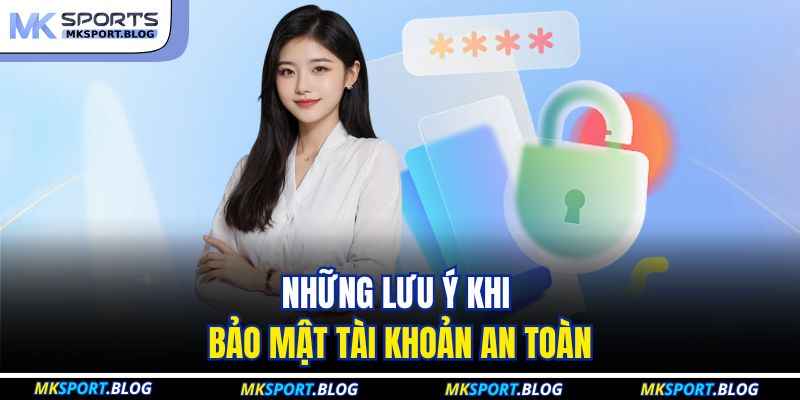 Những lưu ý khi bảo mật tài khoản an toàn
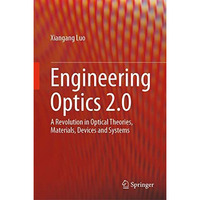 Engineering Optics 2.0: A Revolution in Optical Theories, Materials, Devices and [Hardcover]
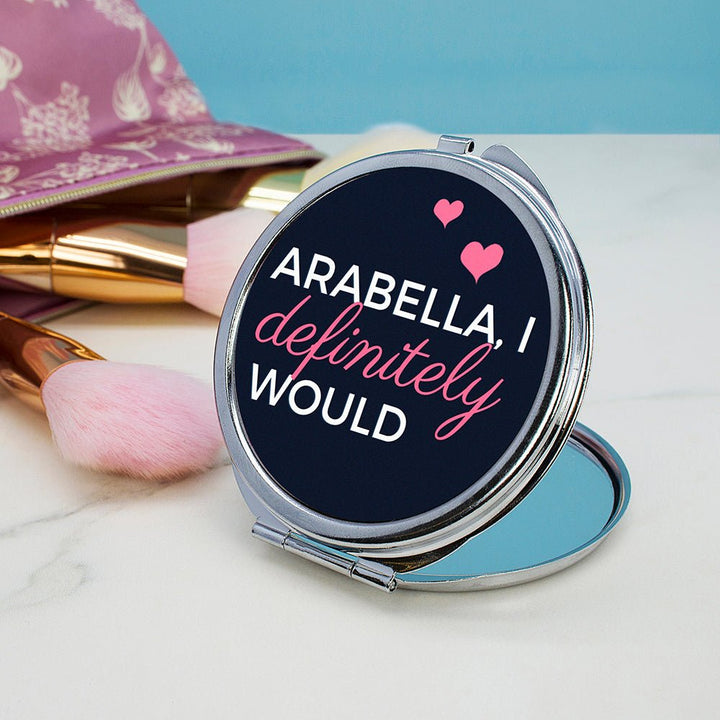 I Definitely Would... Cheeky Personalised Round Compact Mirror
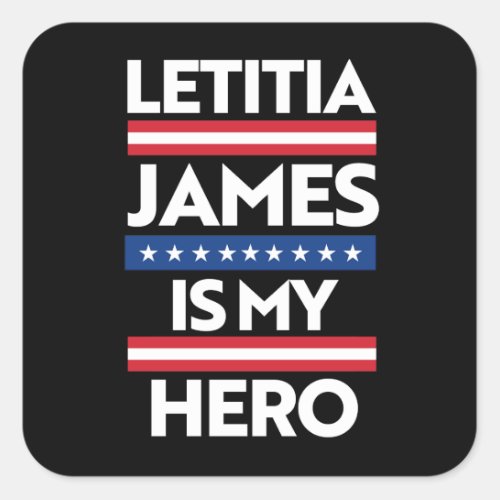 Letitia James is my Shero Square Sticker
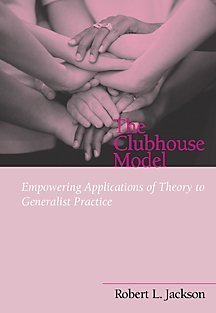 The Clubhouse Model: Empowering Applications of Theory to Generalist Practice (Social Work Series) - Click to Buy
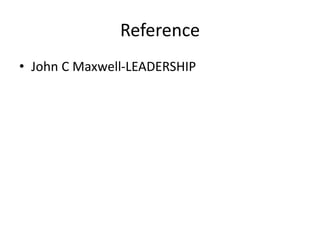 Reference 
• John C Maxwell-LEADERSHIP 
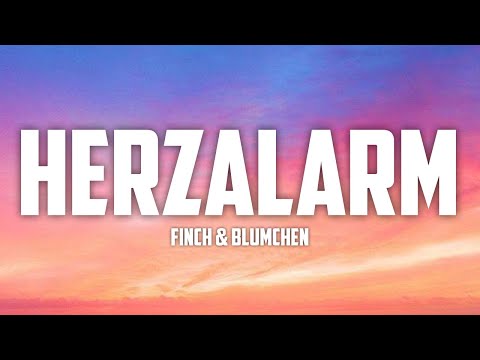 FiNCH & Blümchen - HERZALARM (lyrics)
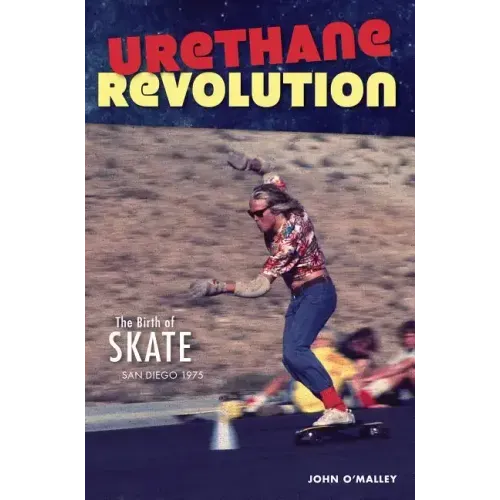 Urethane Revolution: The Birth of Skate--San Diego 1975
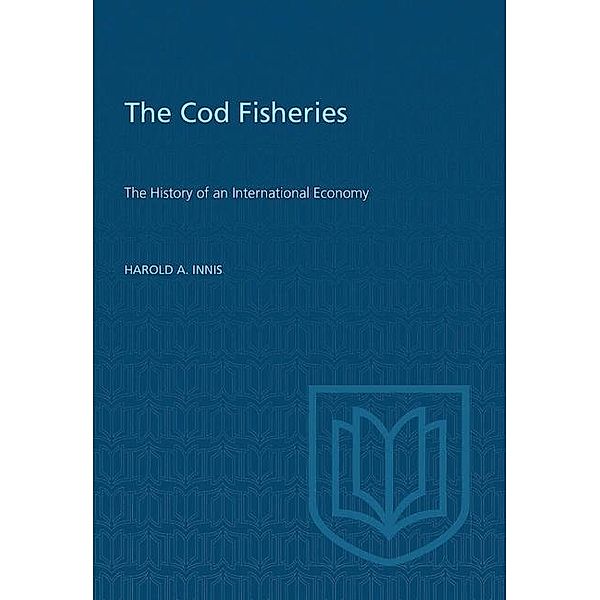 Cod Fisheries, Harold Innis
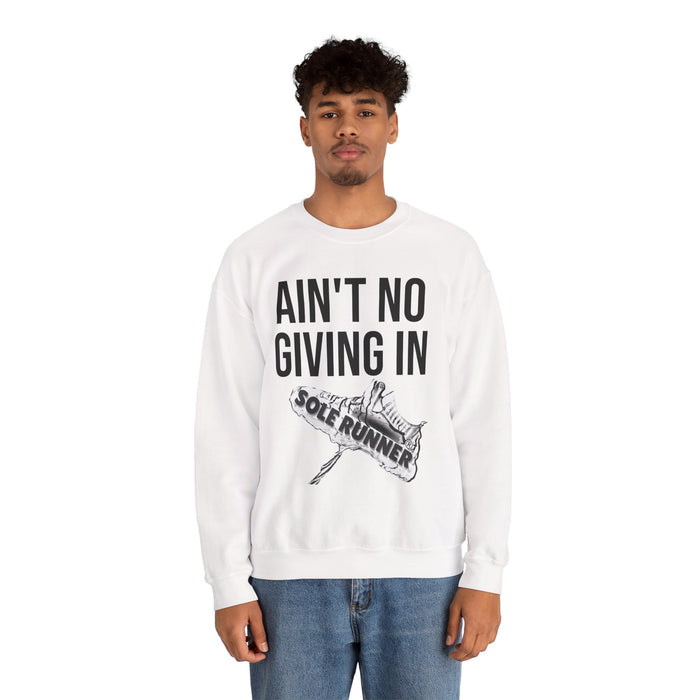 Ain't No Giving In: Unisex Heavy Blend™ Crewneck Sweatshirt
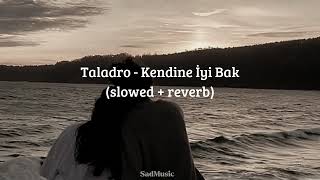 Taladro  Kendine İyi Bak slowed  reverb [upl. by Atir893]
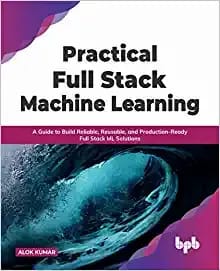 Practical Full Stack Machine Learning?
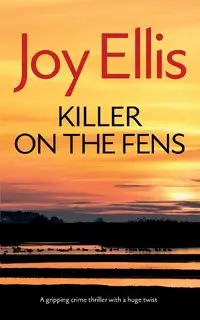 KILLER ON THE FENS a gripping crime thriller with a huge twist - Ellis Joy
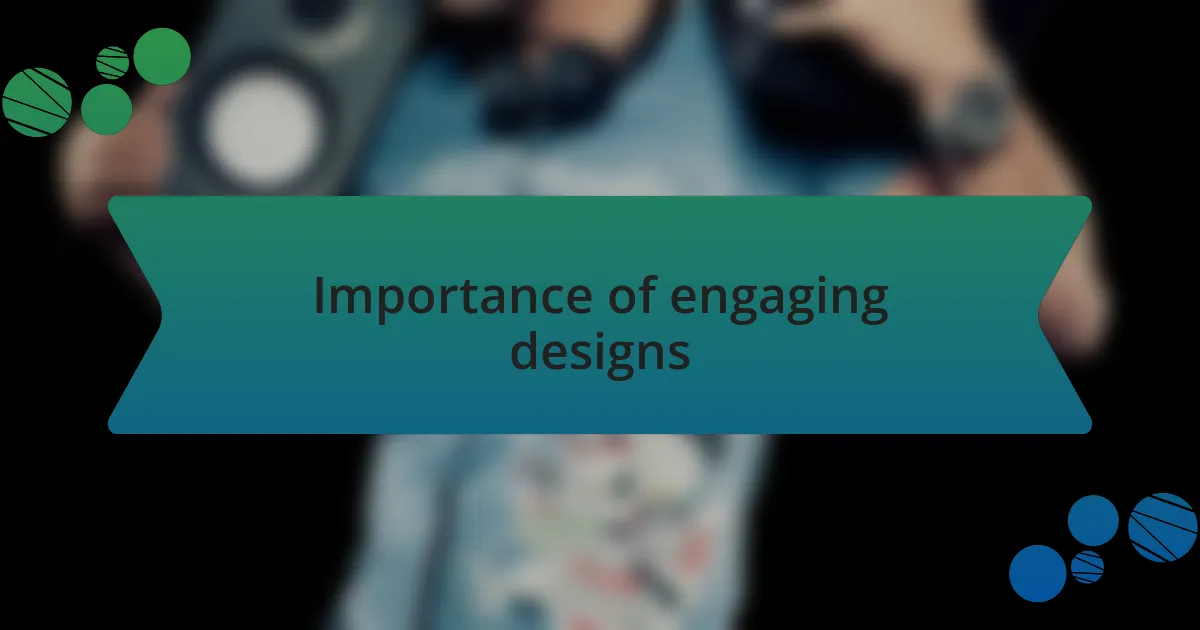 Importance of engaging designs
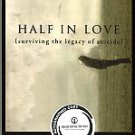 Sexton, Linda Gray. Half In Love: Surviving The Legacy Of Suicide, A Memoir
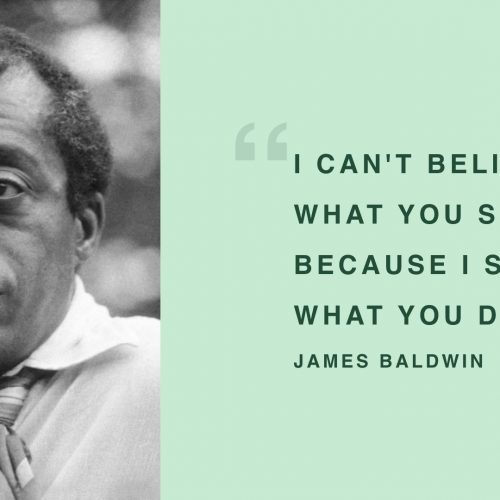 James Baldwin - "I can't believe what you say, because I see what you do."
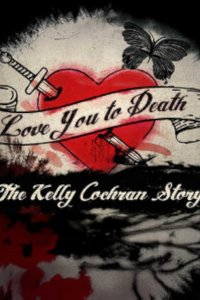 Love You to Death: The Kelly Cochran Story – S01E02 – Your Move, Detective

☆ ☆ ☆ ☆ ☆ ☆ ☆

▶ _Task prompt_: Write out word for word the lines above that run from the one with "Letitia James is my Shero Square Sticker" to the one with "FiNCH & Blümchen - HERZALARM (lyrics)". Include both end lines; exclude the images.

▶ _The answer_:
 Letitia James is my Shero Square Sticker
 The Clubhouse Model: Empowering Applications of Theory to Generalist Practice (Social Work Series) - Click to Buy
 Reference 
• John C Maxwell-LEADERSHIP 
 FiNCH & Blümchen - HERZALARM (lyrics)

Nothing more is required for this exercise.